■ Work request ■
Could you repeat, exactly and with no pictures, only the lines from the start of the records through the line containing "Flying Into Cape-Ril"?

■ Material provided ■
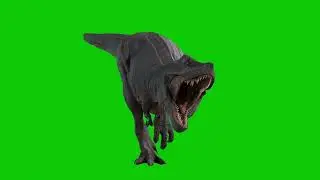 Green Screen Animal dinasaur roar|| Green Screen Animal No Copyright||Green Screen Animal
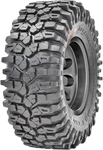 System 3 Matte Black SB-6 Beadlock & Maxxis Radial Roxxzilla Wheel & Tire Kit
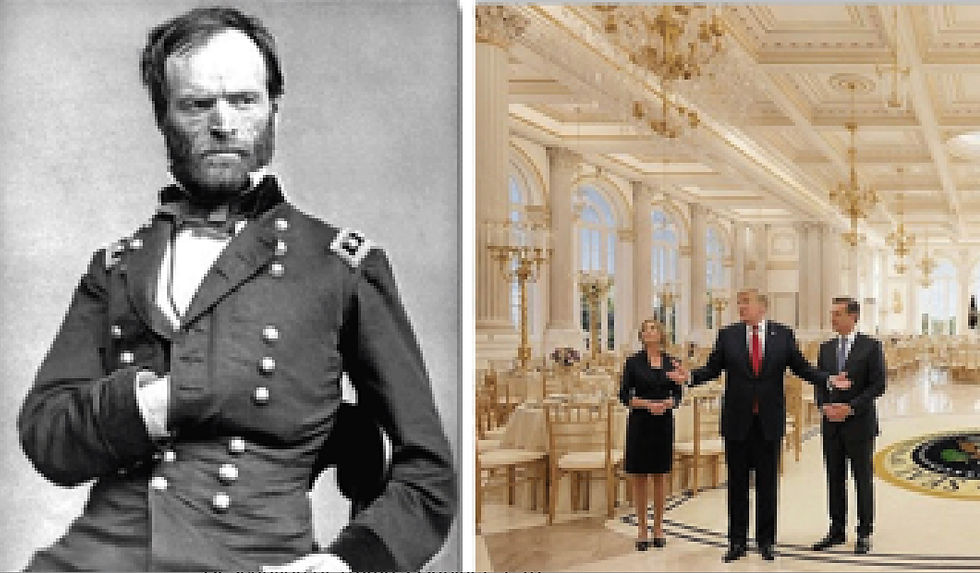 William Tecumseh Sherman Demands a Ballroom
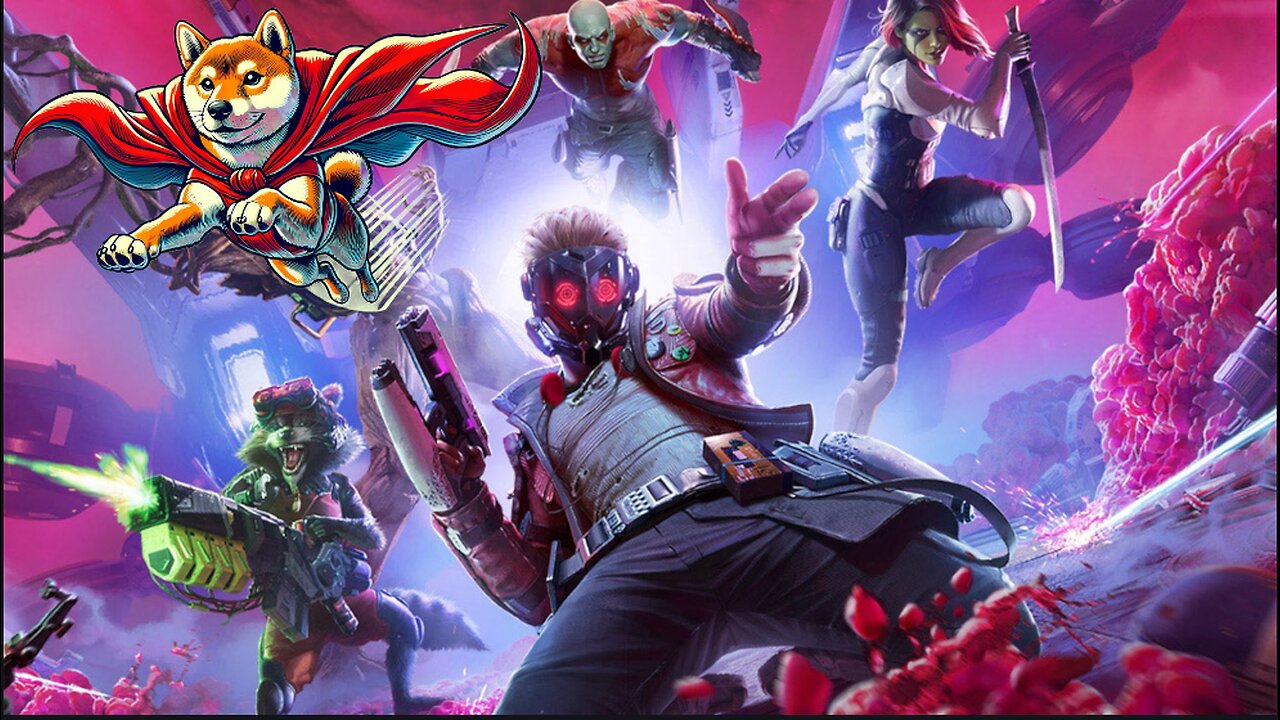 Flying Into Cape-Ril With Guardians of the Galaxy!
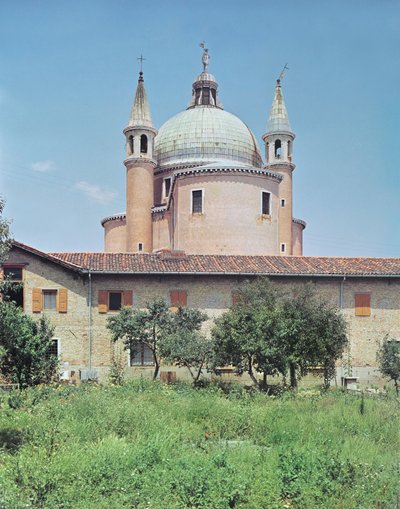 Apsis von Il Redentore, 1577-92 von Andrea Palladio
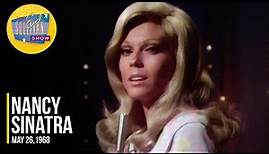 Nancy Sinatra "This Girl's In Love With You" on The Ed Sullivan Show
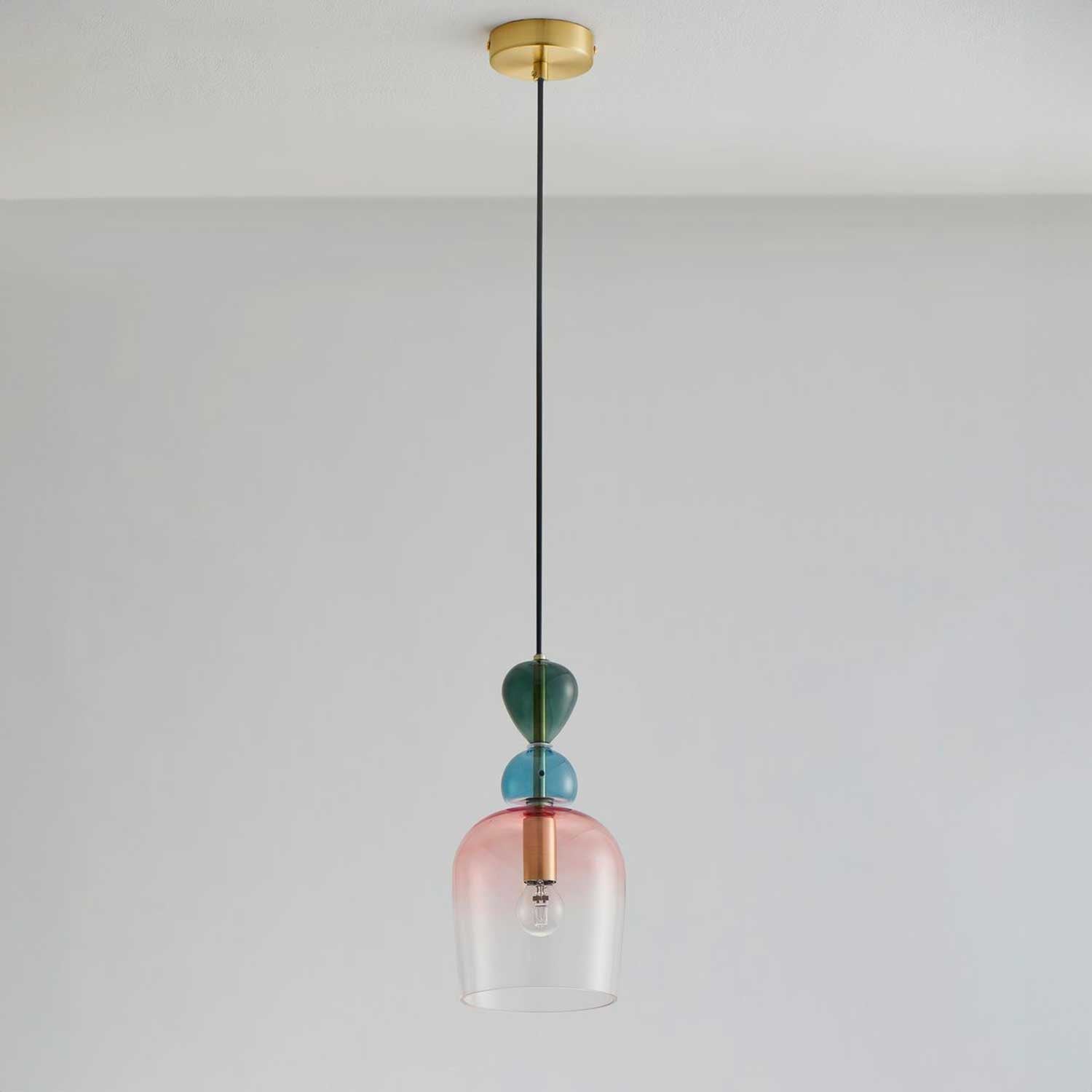 Nova Luce MURANO E14 Glas farbige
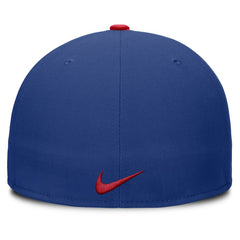 Texas Rangers Nike Primetime Dri-FIT Round Bill True Fitted Hat - Royal Hats
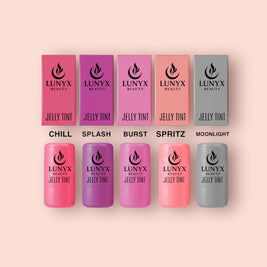 LUNYX Jelly Tint – Buildable Cheek & Lip Glow | Lightweight Jelly Blush Stick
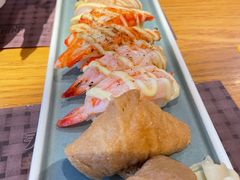 火炙寿司握组合-林妈妈村·日式料理(宝山万达店)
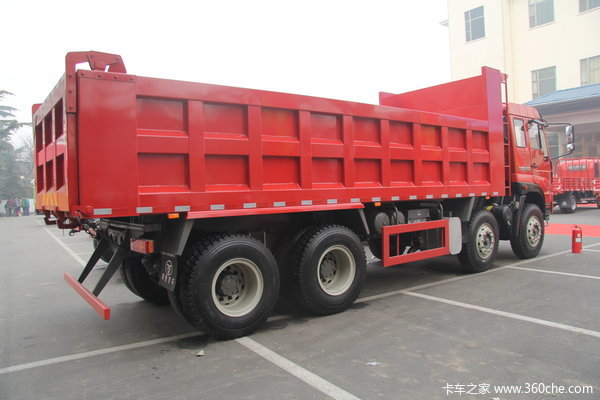 中国重汽 福泺 H5重卡 280马力 8X4 自卸车(ZZ3318M60DB0)外观图（5/15）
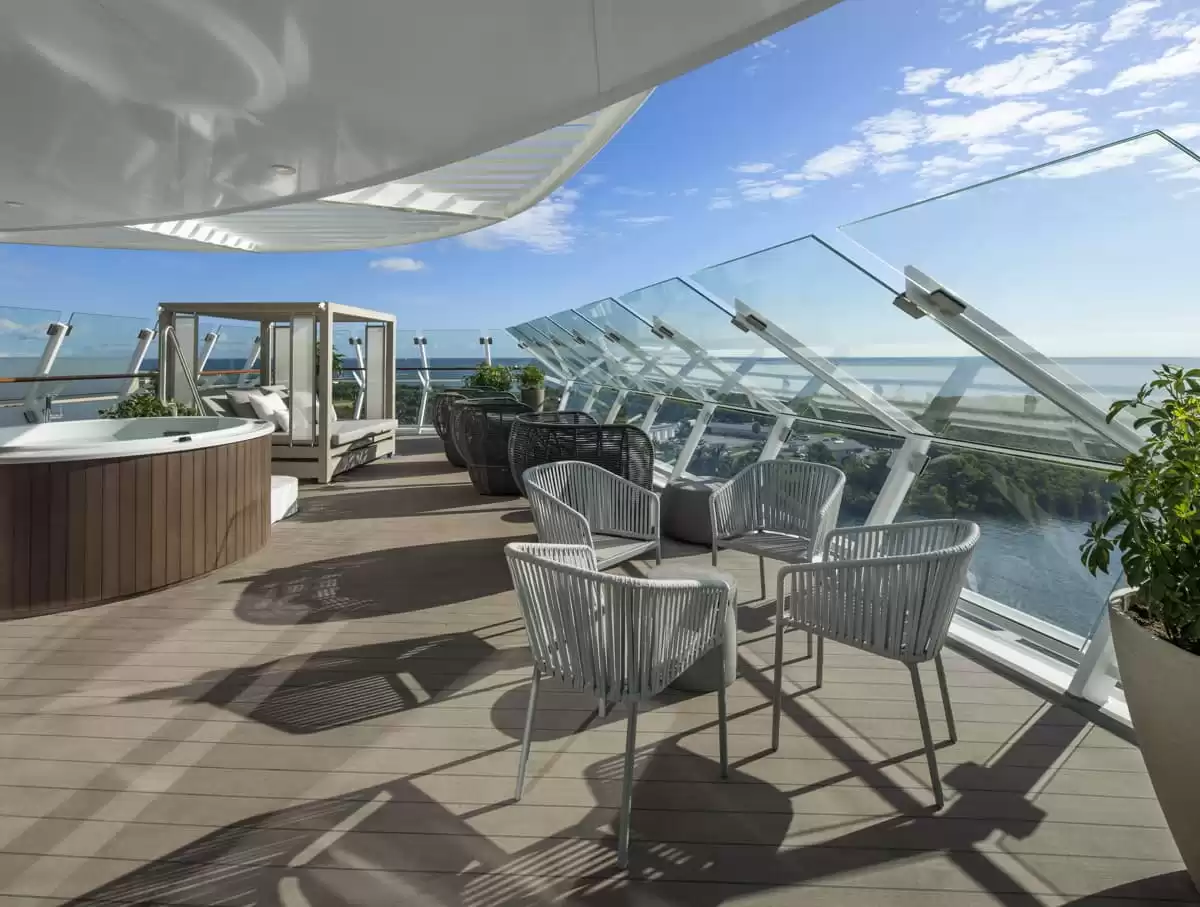 el Celebrity Edge :  cabine 84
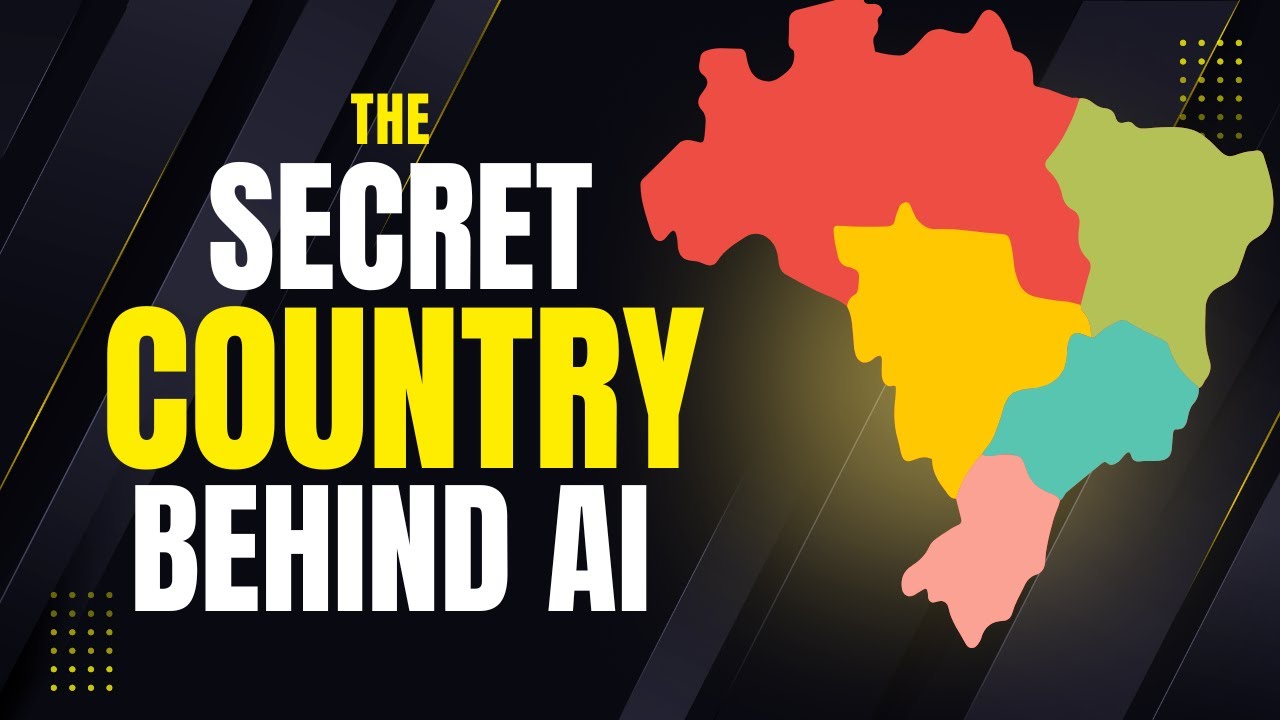 The Secret Country Behind AI || I explored the Secret Country Leading AI innovation
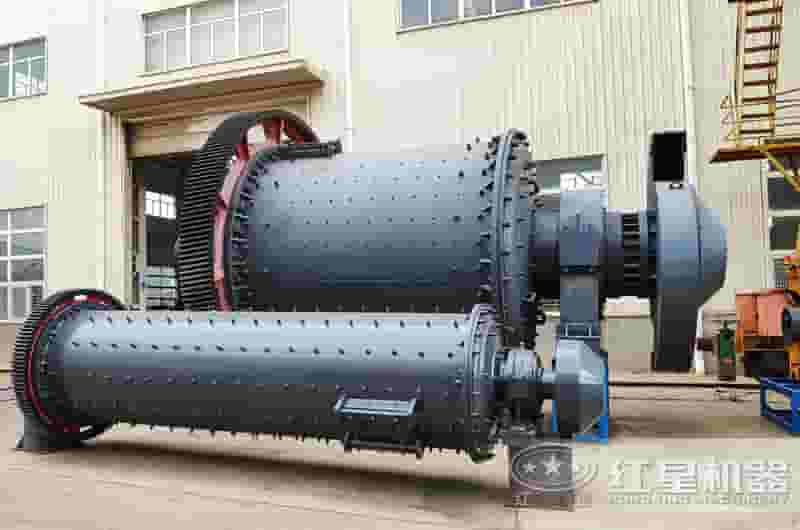 不同型号的棒磨机设备展示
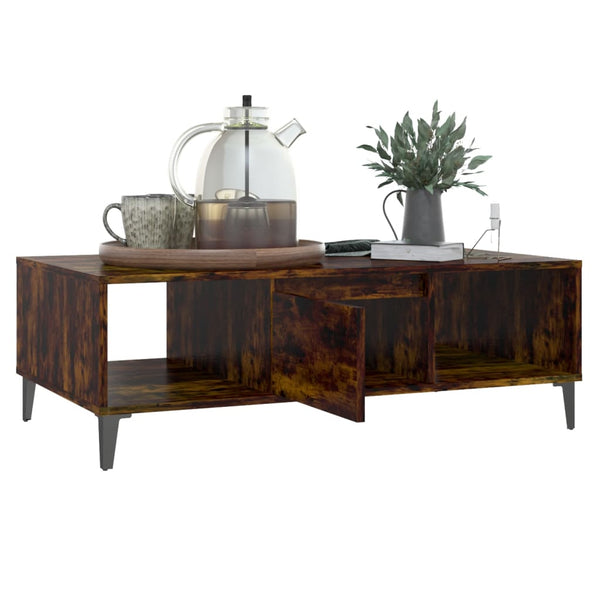 Couchtisch Räuchereiche 103,5 cm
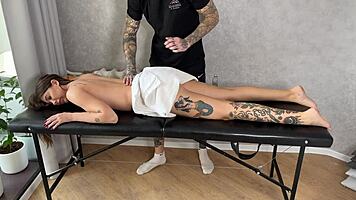 Second Massage Session With New Technique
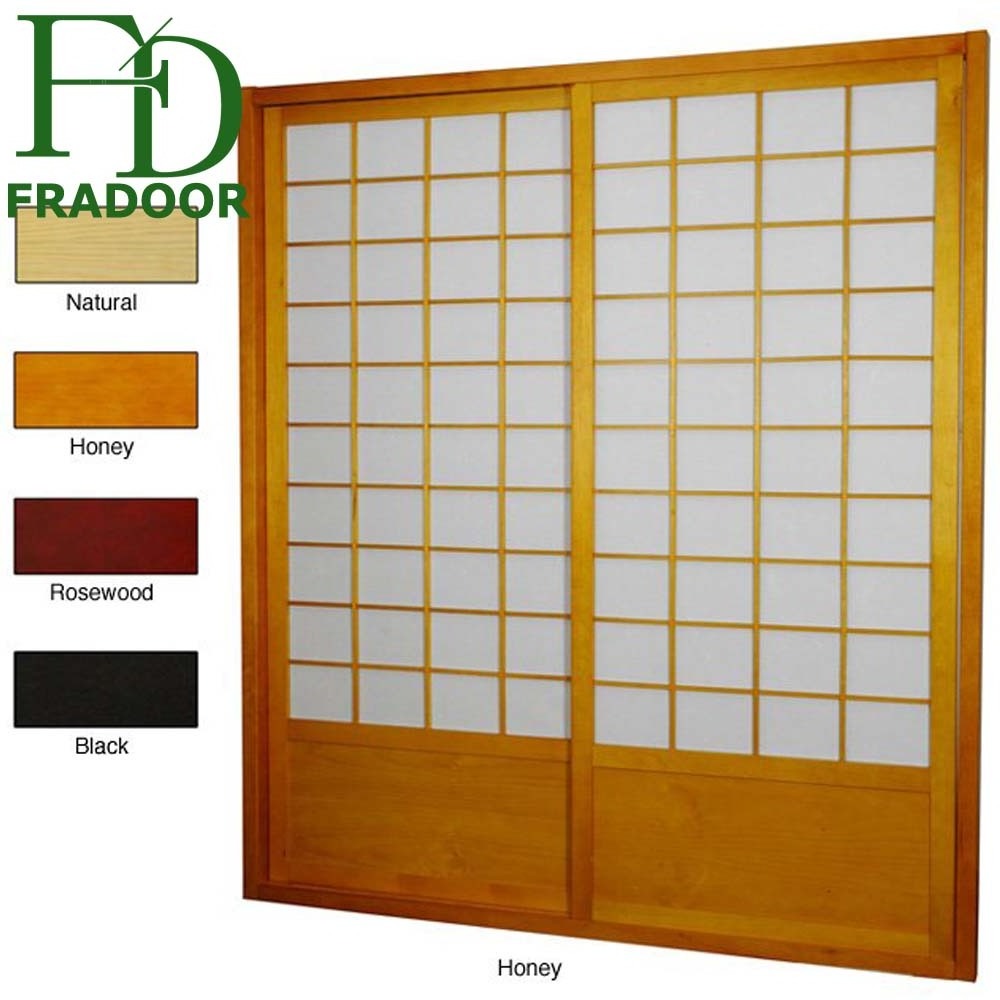 Interior Shoji Design Jamaica Sliding Wooden Room Door Price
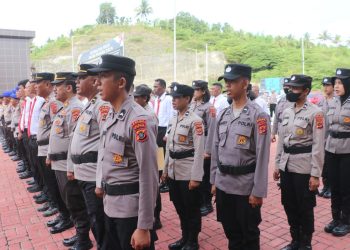 Wakapolda Papua Pimpin Apel, Ini Pesannya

■ Result of this exercise ■
 Green Screen Animal dinasaur roar|| Green Screen Animal No Copyright||Green Screen Animal
 System 3 Matte Black SB-6 Beadlock & Maxxis Radial Roxxzilla Wheel & Tire Kit
 William Tecumseh Sherman Demands a Ballroom
 Flying Into Cape-Ril With Guardians of the Galaxy!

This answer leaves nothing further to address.